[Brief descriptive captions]
————————
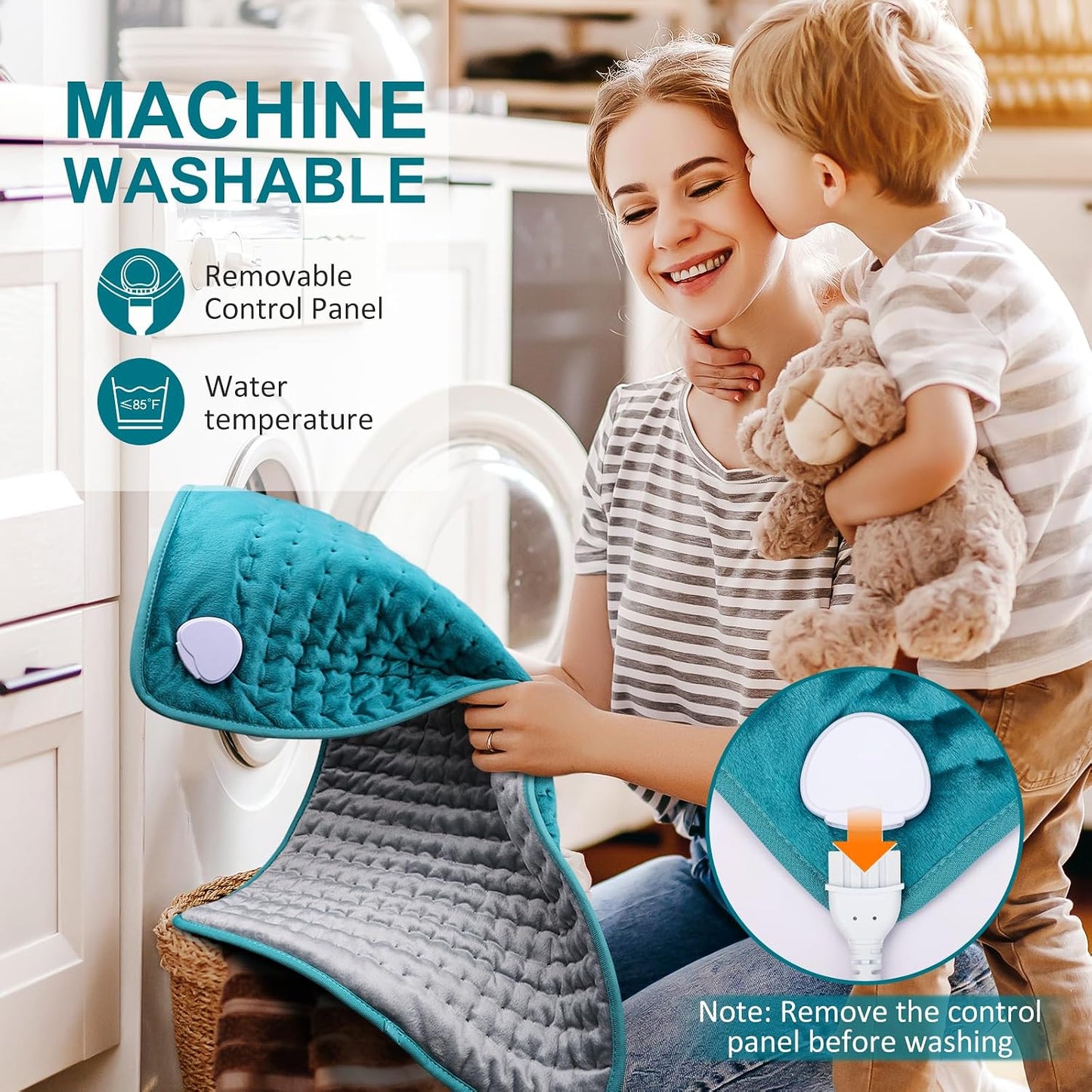 Heating pad for Back/Shoulder/Neck/Abdomen, Heating Pads with 6 Fast Heating Settings, Auto-Off, Machine Wash, Birthday Gifts for Women Mom Men Dad, Extra Large 12"x24", Blue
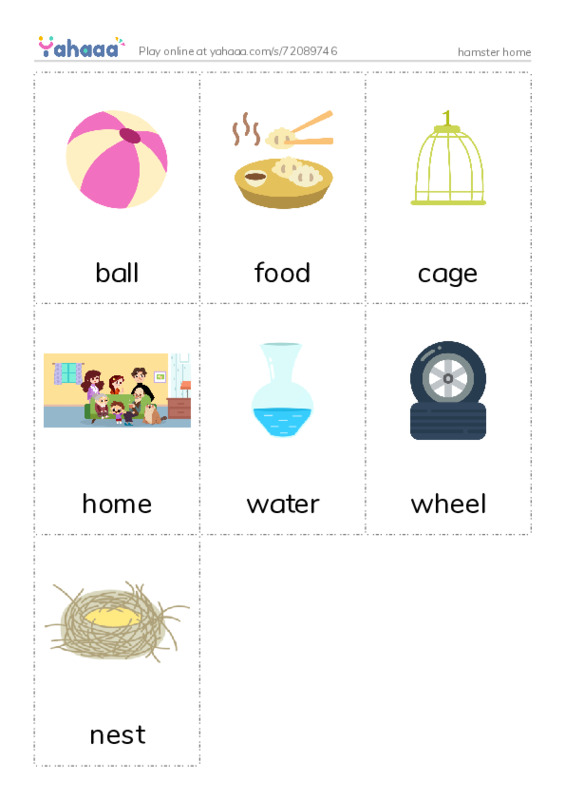Picture flashcards worksheet for hamster home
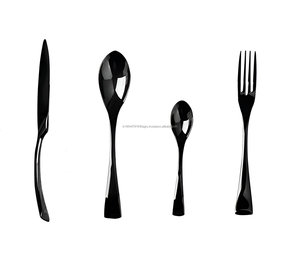 Ensemble de couverts de luxe noir brillant - Product Image 1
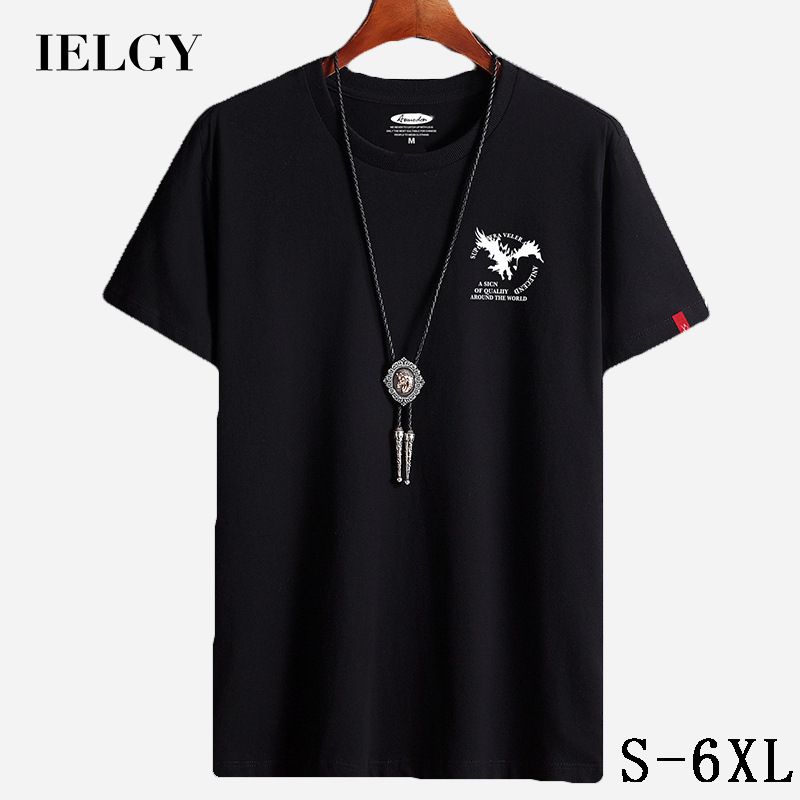 IELGY summer short-sleeved t-shirt men's pattern cotton round neck bottoming shirt plus size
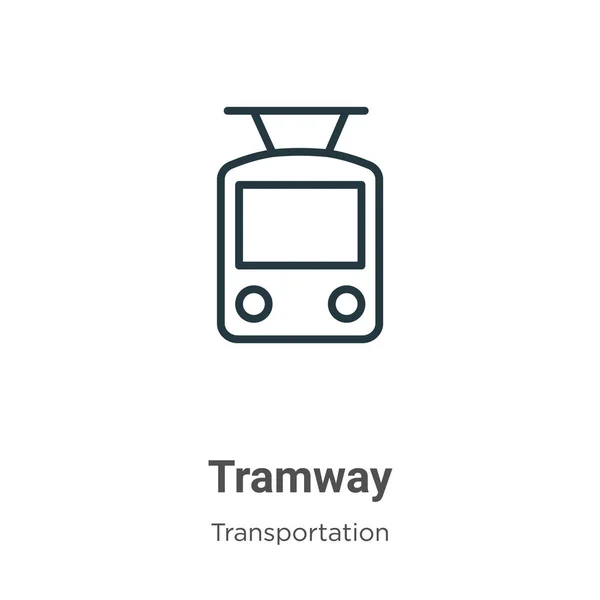 Tramvay Ana Hat Vektör Simgesi Beyaz Arkaplanda Izole Edilmiş Ince — Stok Vektör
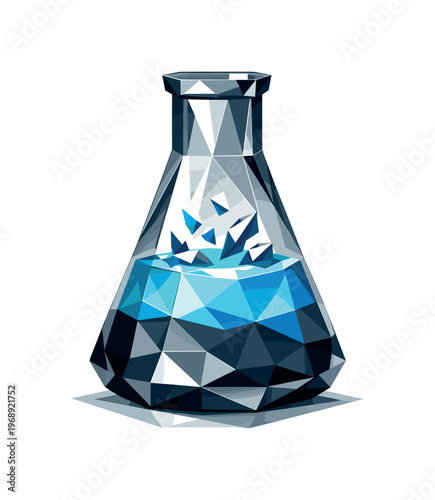 Low-poly vector illustration focused on lab explosion safe showing the setup moment before the reaction, geometric laboratory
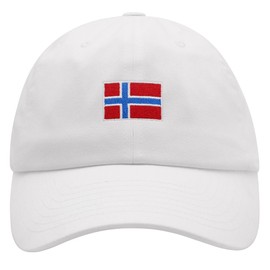 JPAK Norway Flag Premium Dad Hat Embroidered Cotton Baseball Cap Norwegian Scandi White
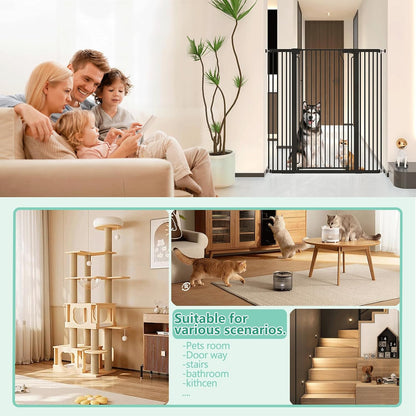 51" Extra Tall Cat Gate for Doorway Auto Close Encrypted Cat Gate 30"-49.27" Adjustable Width Pet Gate Include 5.5" and 8.26" Extension Kits No Drilling Pressure Mount Kit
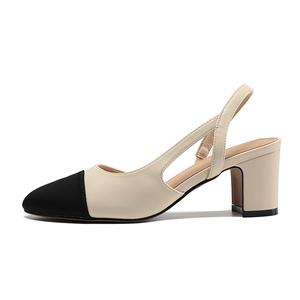 Туфли на высоком каблуке 6 см, женские ZHR, Beige Black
————————
» Exercise instructions
Give back, word for word, the lines from the one with "Ensemble de couverts" to the end of the records above, and no pictures.

» Exercise result
 Ensemble de couverts de luxe noir brillant - Product Image 1
 IELGY summer short-sleeved t-shirt men's pattern cotton round neck bottoming shirt plus size
 Tramvay Ana Hat Vektör Simgesi Beyaz Arkaplanda Izole Edilmiş Ince — Stok Vektör
 Low-poly vector illustration focused on lab explosion safe showing the setup moment before the reaction, geometric laboratory
 JPAK Norway Flag Premium Dad Hat Embroidered Cotton Baseball Cap Norwegian Scandi White
 51" Extra Tall Cat Gate for Doorway Auto Close Encrypted Cat Gate 30"-49.27" Adjustable Width Pet Gate Include 5.5" and 8.26" Extension Kits No Drilling Pressure Mount Kit
 Туфли на высоком каблуке 6 см, женские ZHR, Beige Black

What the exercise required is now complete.